Meshulam v. Brill

Order, Supreme Court, New York County (Kristin Booth Glen, J.), entered April 2, 1987, which, upon a grant of reargument and renewal, granted defendant’s motion to dismiss the action for forum non conveniens, unanimously modified, on the law and on the facts and in the exercise of discretion, to deny the motion to dismiss, and except as thus modified, affirmed, with costs and disbursements.

Plaintiffs, New Jersey residents, were in an automobile stopped in traffic at the New York end of the Lincoln Tunnel, when their car was struck in the rear by an automobile driven by defendant, at the time a Pennsylvania resident. Defendant, who had relocated to Florida after the accident, moved to dismiss the action on the ground that defendant would be inconvenienced and prejudiced by a trial in New York, while plaintiffs would be no more inconvenienced by a trial in Pennsylvania than in New York. Originally the motion was denied, apparently because the court believed that at the time of the accident one of the plaintiffs lived in New York and that a witness to the accident lived in New York. Upon reargument, defendant established that neither of the plaintiffs lived in New York, and that plaintiffs had not offered any proof as to the existence of an available witness who lived in New York.
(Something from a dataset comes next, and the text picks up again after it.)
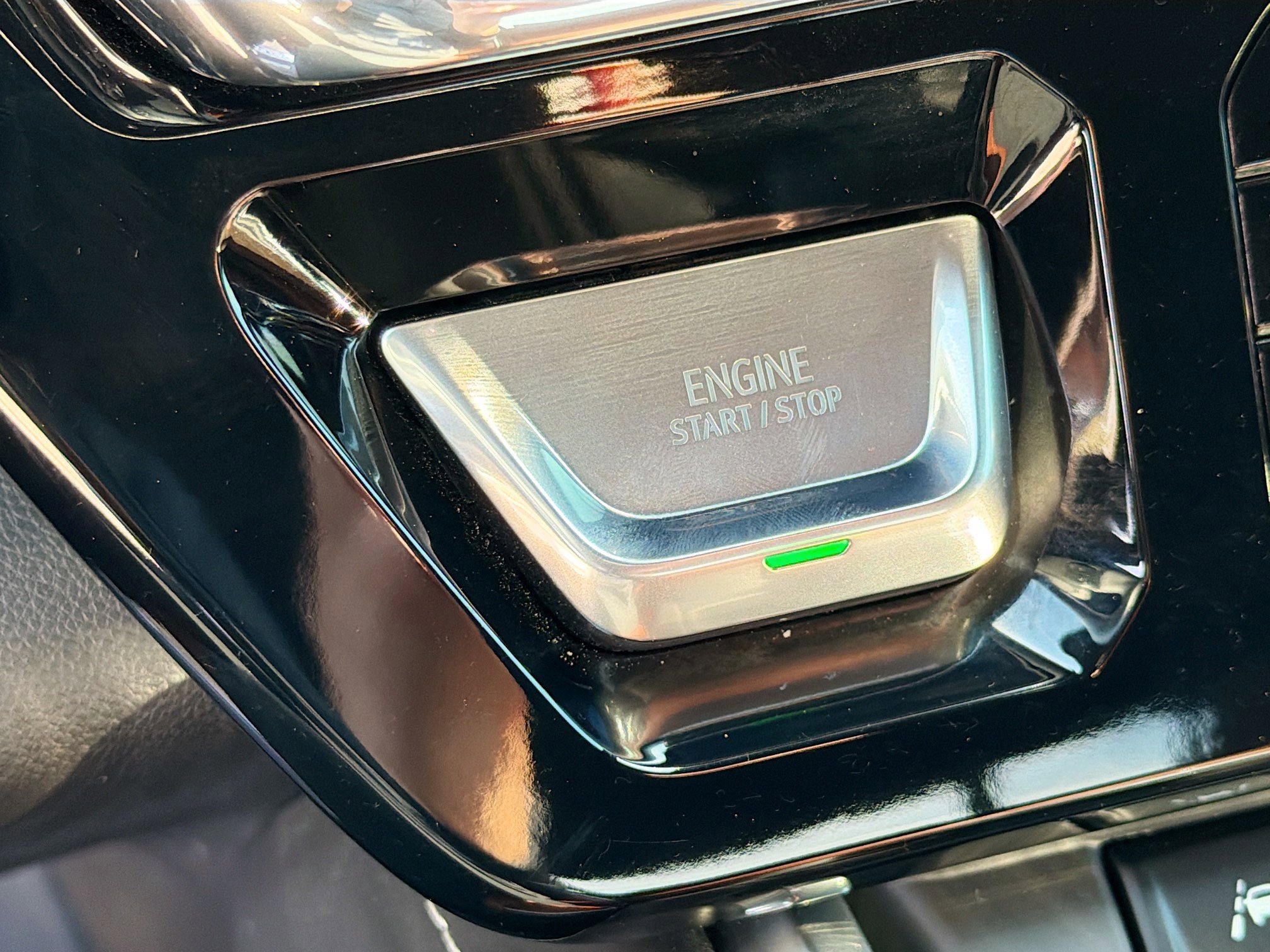 Used 2025 GMC Sierra 1500 Denali Ultimate image 36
Consequently, upon reargument, the motion was granted.

"The application of the doctrine of forum non conveniens is a matter of discretion to be exercised by the trial court and the Appellate Division.” (Islamic Republic v Pahlavi, 62 NY2d 474, 478.) "The burden rests upon the defendant challenging the forum to demonstrate relevant private or public interest factors which militate against accepting the litigation”. (Supra, at 479, citing cases.) Plaintiffs’ residence in New Jersey and the absence of a New York witness to the accident notwithstanding, defendant has failed in his burden to show that New York is any less convenient a forum than Pennsylvania for either himself or plaintiffs. The accident occurred in New York; its law will no doubt apply to the trial of the action; any police witnesses would be from New York; and the *312treating physicians have offices in New York City. New York thus has a substantial nexus to the accident.

Pennsylvania is no more convenient to any party since none of them presently lives there. Nor does any witness. While we are aware that Pennsylvania and New York are contiguous to New Jersey we also note that Verona, New Jersey, where plaintiffs reside, is decidedly closer to New York County than the nearest part of Pennsylvania. Defendant has not shown that it is any more difficult for him to travel to New York than Pennsylvania.

Consequently, in balancing all the factors, we find that New York is not an inconvenient forum. Concur — Murphy, P. J., Kupferman, Sullivan, Ross and Smith, JJ.